* INPUT
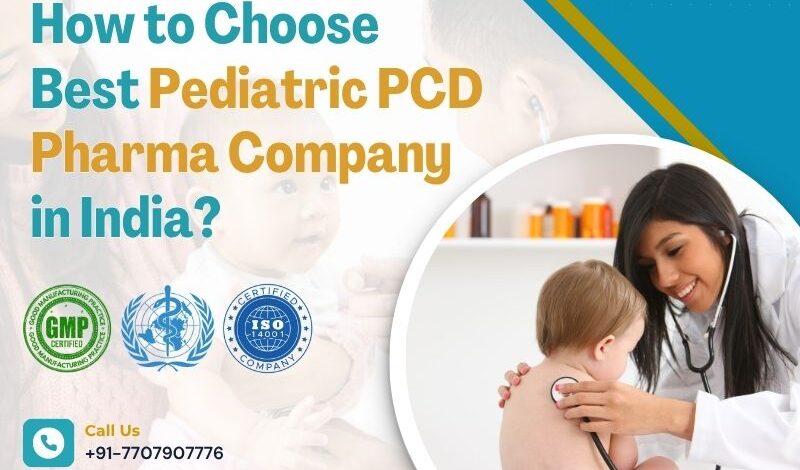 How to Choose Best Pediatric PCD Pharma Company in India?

---

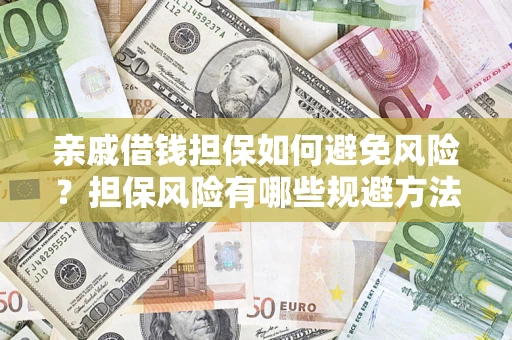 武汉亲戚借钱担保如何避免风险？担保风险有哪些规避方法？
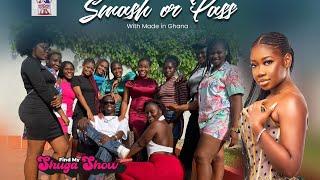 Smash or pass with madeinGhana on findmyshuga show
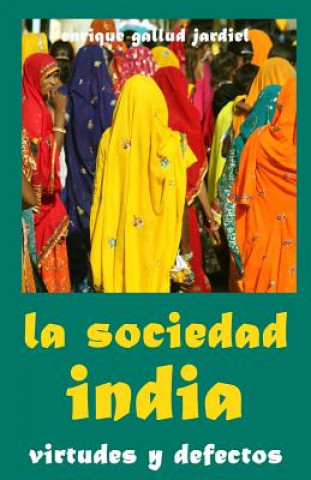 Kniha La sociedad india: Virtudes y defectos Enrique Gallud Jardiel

* ASSIGNMENT
Looking at the listing above, which lines run from the one containing "武汉亲戚借钱担保如何避免风险？担保风险有哪些规避方法？" through the one containing "Kniha La sociedad"? Print exactly those, ends included, pictures excluded.

* TASK SOLUTION
 武汉亲戚借钱担保如何避免风险？担保风险有哪些规避方法？
 Smash or pass with madeinGhana on findmyshuga show
 Kniha La sociedad india: Virtudes y defectos Enrique Gallud Jardiel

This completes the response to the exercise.